O totem como bandeira e pesadelo do clã, o seu artesão
Diário da Manhã
Publicado em 8 de fevereiro de 2018 às 21:54 | Atualizado há 7 anos
“Quanto mais os frutos do conhecimento se tornam mais acessíveis ao ser humano, mais o declínio das crenças religiosas é distribuído”
(Sigmund Freud)
Toda religião é composta de representações e práticas rituais, crenças e ritos próprios da religião totêmica. O mito modela-se, muitas vezes, pelo rito, assim como crenças que só se revelam por meio deste. Essas são noções elementares assentadas na base da religião, também, na raiz da maioria das tribos australianas, especialmente um grupo que tem na vida coletiva lugar preponderante, o clã, arena de parentesco e consanguinidade. Há um signo que o determina ou designa coletivamente, que é o totem, também, o de cada um dos seus membros, segundo Durkheim. A palavra totem designa ou abriga uma espécie de coisas, como acontece com a tribo Algonquina Ojibway, australiana.
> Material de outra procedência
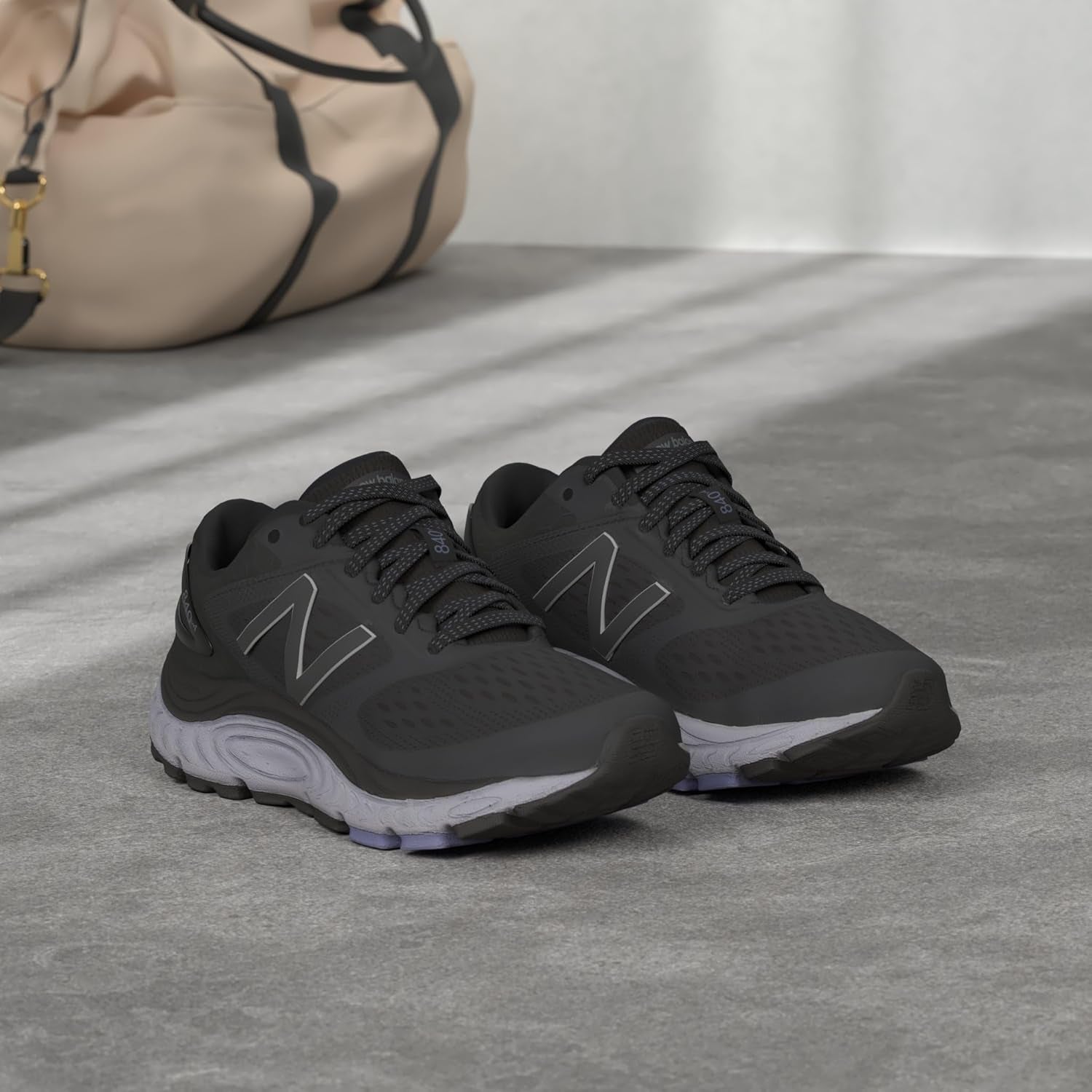 New Balance Women'S 840 V4 Running Shoe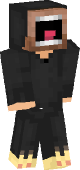 new minecraft skin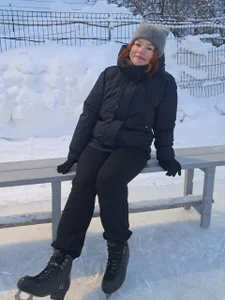 Zdjęcia MelodyHasbrouck cold love:  2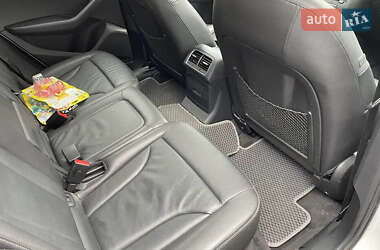 Внедорожник / Кроссовер Audi Q5 2011 в 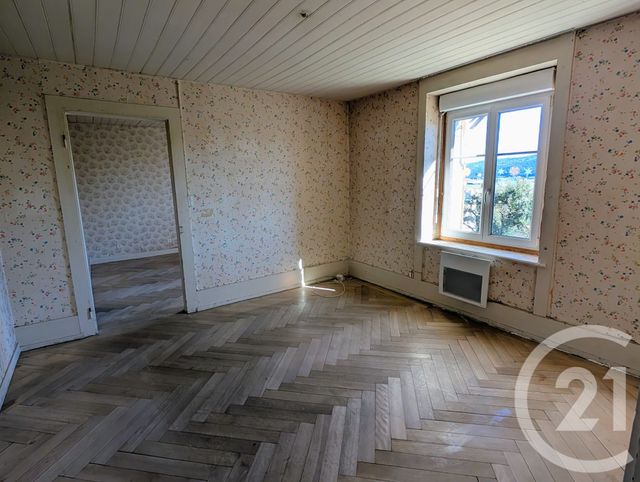Appartement F3 à vendre - 3 pièces - 200.0 m2 - ORCHAMPS VENNES - 25 - FRANCHE-COMTE - Century 21 Avenir Immobilier
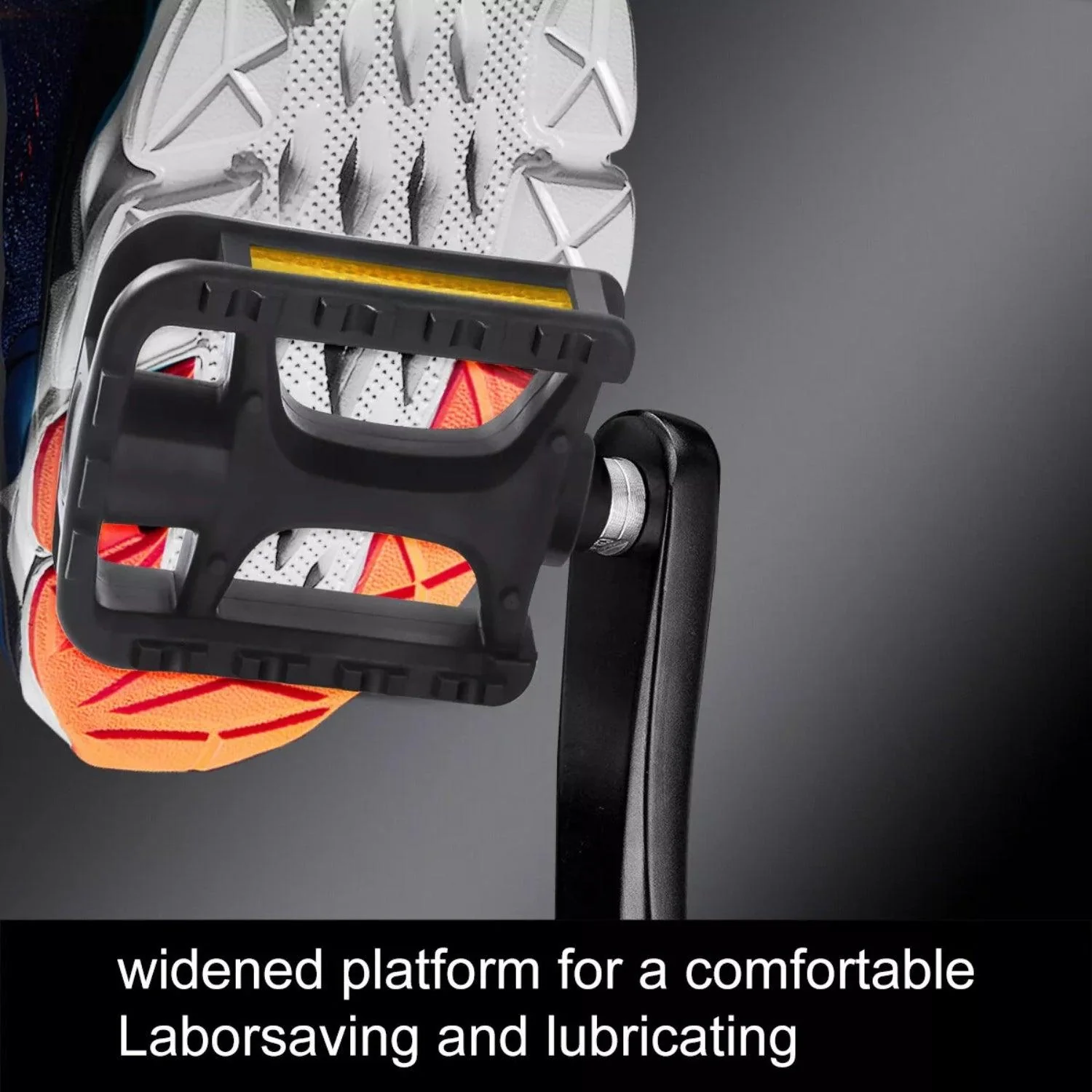VIVI Bike Pedal Universal Bicycle Pedals - Image 25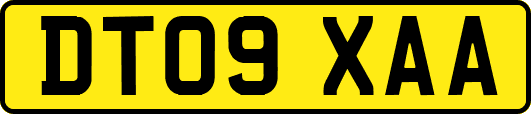DT09XAA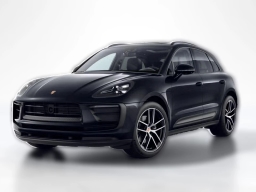 Porsche Macan T AWD 2026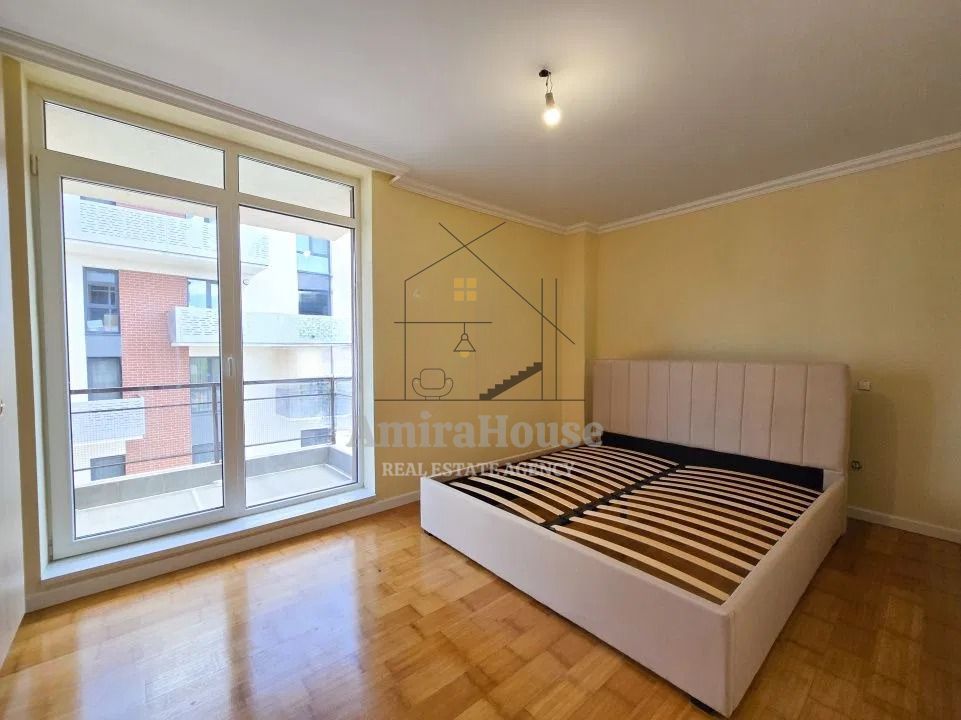Apartament 2 camere, etaj 1, Borhanci, 52 mp - Poză 8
Os objetos que servem de totens pertencem, em sua grande maioria, ao reino vegetal, retratando nomes de plantas ou animais ligados às nuvens, à chuva, granizo, geada, lua, sol, vento, outono, verão, inverno, determinadas estrelas, trovão, fogo, fumaça, água, ocra vermelha, mar. Pode ocorrer que o totem seja não um objeto inteiro, mas parte dele. Entre o totem da fratria e os totens dos clãs existe uma espécie de relação de subordinação (Durkheim, 1989, p. 147). Além das palavras e dos clãs, encontramos frequentemente nas sociedades australianas outro grupo secundário que não deixa de ter certa singularidade, as classes matrimoniais. O totem é, primeiramente e antes de tudo, um nome, um emblema.
Os clãs australianos não são simplesmente muito numerosos, para uma mesma tribo, apresentam número quase limitado. Certamente, é pouco provável que os clãs australianos jamais tenham tido as dimensões e a sólida estrutura dos clãs americanos. Assim, não se pode inferir a existência dos totens, de fratrias, senão através de algumas sobrevivências, tão pouco marcadas, na maioria, que escaparam a muitos observadores. A distância moral que separa os clãs é pouca coisa ao lado daquela que separa as fratrias – duas fratrias, uma em relação à outra, como dois povos estrangeiros. O totem não é apenas um nome, é também emblema: “É, de fato, um desenho que corresponde aos emblemas heráldicos das nações civilizadas, e que cada pessoa está autorizada a usar como prova da identidade da família à qual pertence” (Schoolcraft, 1893, p. 377).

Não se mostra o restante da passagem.